▶ _EXTRACTED INFORMATION_
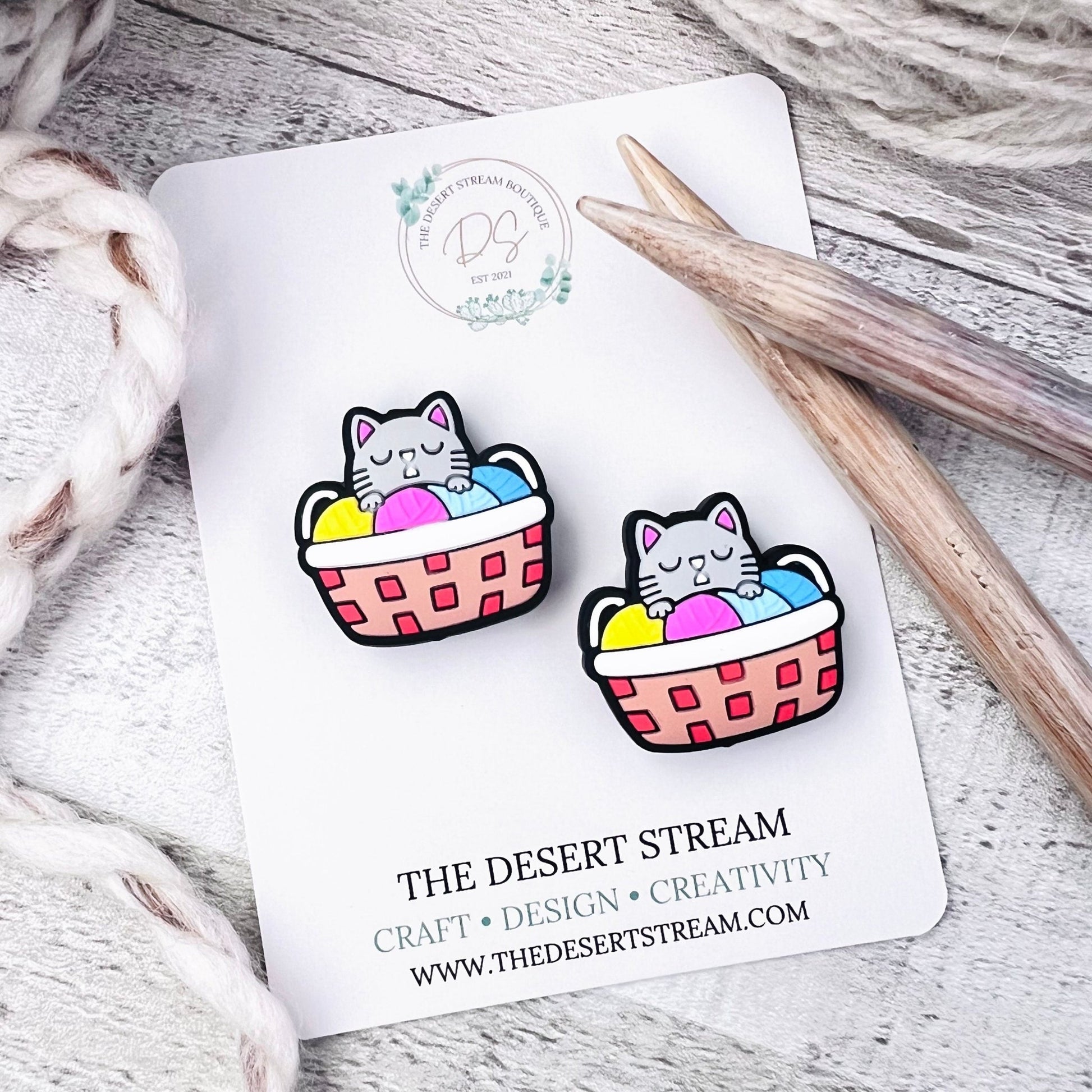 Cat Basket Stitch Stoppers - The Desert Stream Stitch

--

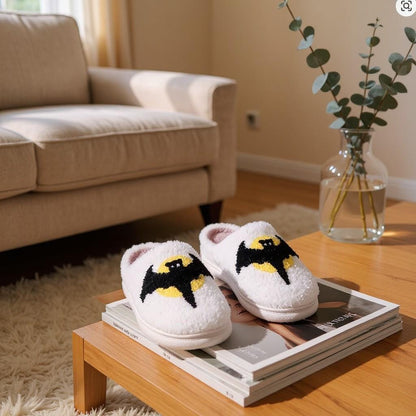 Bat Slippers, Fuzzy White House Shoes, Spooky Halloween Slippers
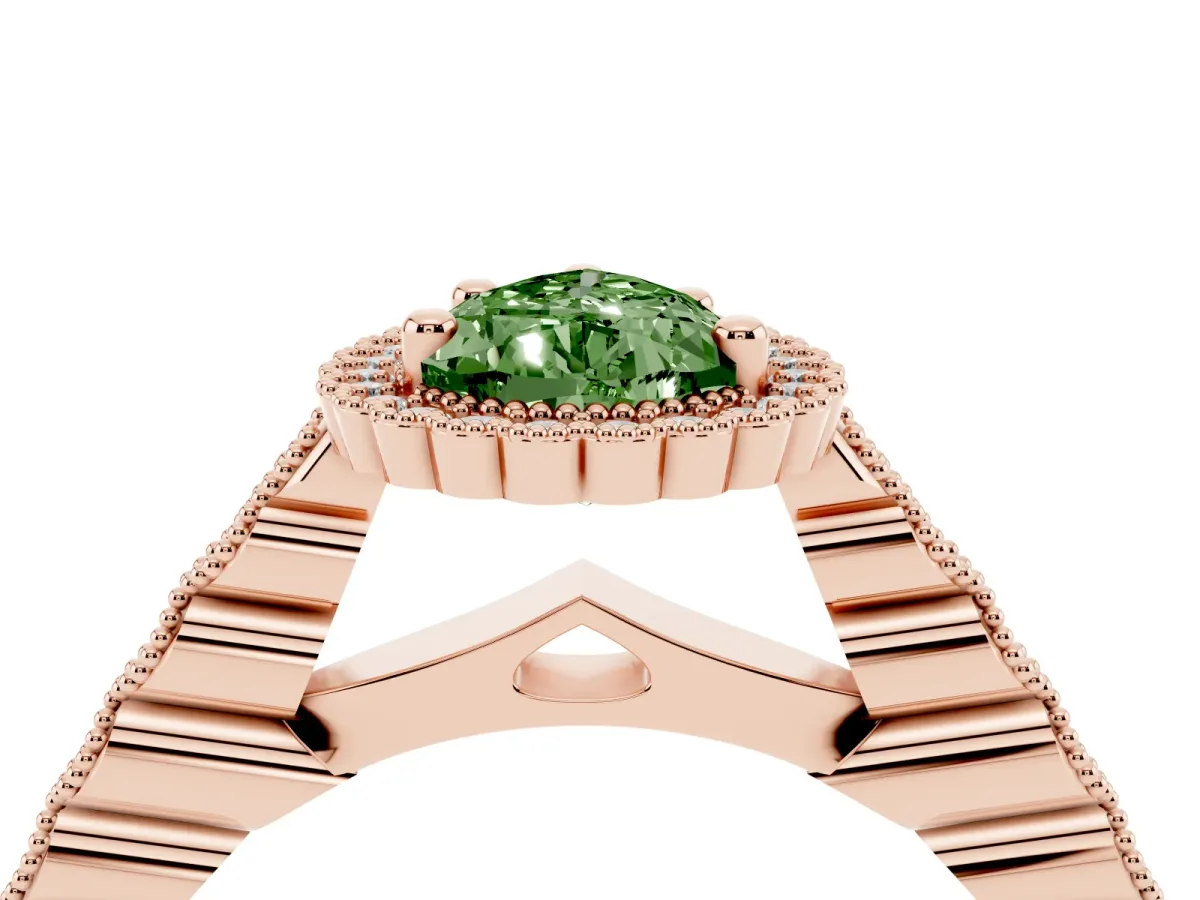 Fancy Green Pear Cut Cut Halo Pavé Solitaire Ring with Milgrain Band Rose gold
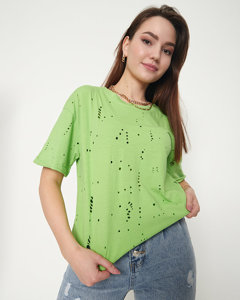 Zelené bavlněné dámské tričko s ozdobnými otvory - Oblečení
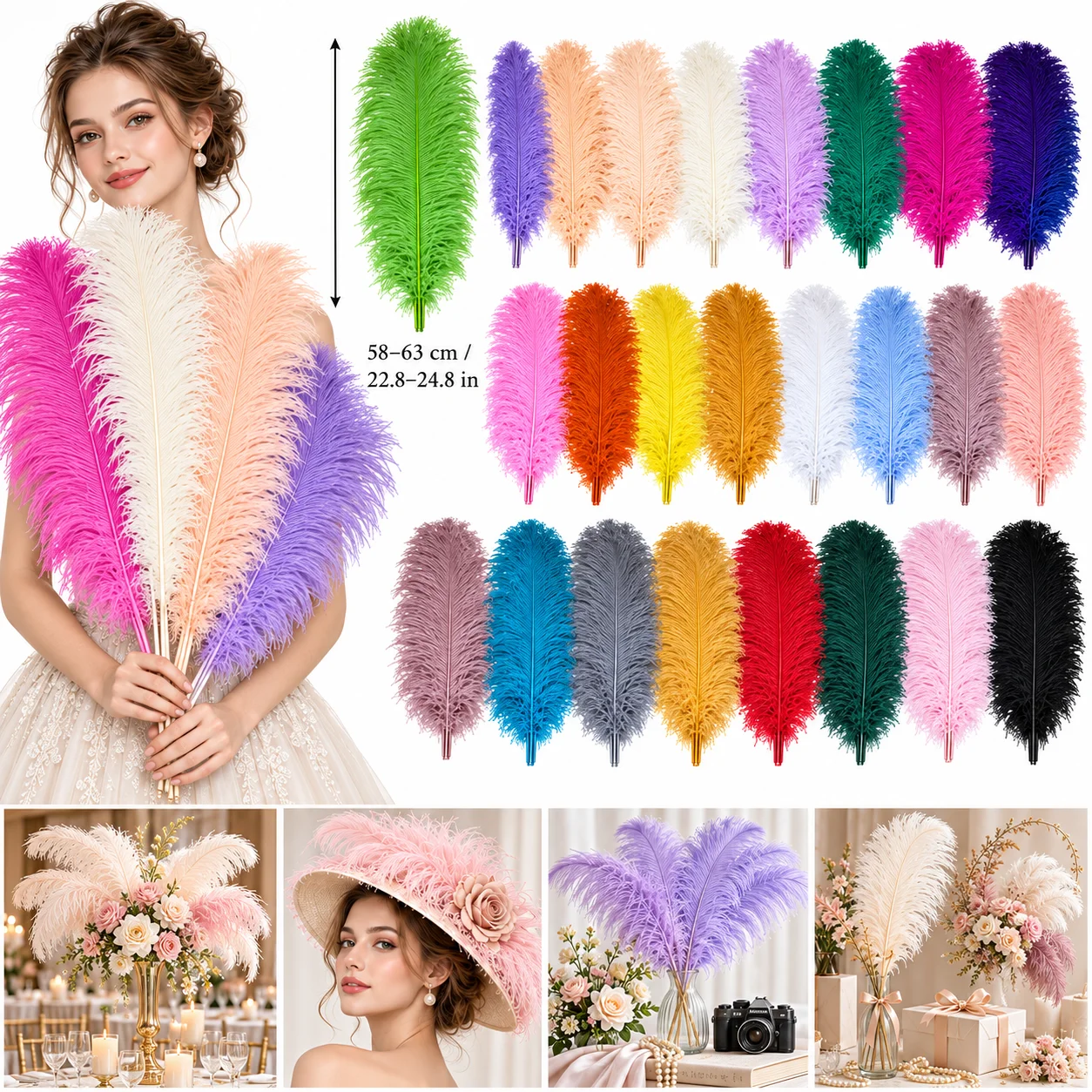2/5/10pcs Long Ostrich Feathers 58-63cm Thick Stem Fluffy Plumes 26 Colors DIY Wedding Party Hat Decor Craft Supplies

▶ _WHAT THE TASK REQUIRES_
Copy exactly the part of the material above that opens with the line containing "Zelené bavlněné dámské" and closes with the line containing "2/5/10pcs Long Ostrich", ends included. Drop the images.

▶ _SOLUTION BELOW_
 Zelené bavlněné dámské tričko s ozdobnými otvory - Oblečení
2/5/10pcs Long Ostrich Feathers 58-63cm Thick Stem Fluffy Plumes 26 Colors DIY Wedding Party Hat Decor Craft Supplies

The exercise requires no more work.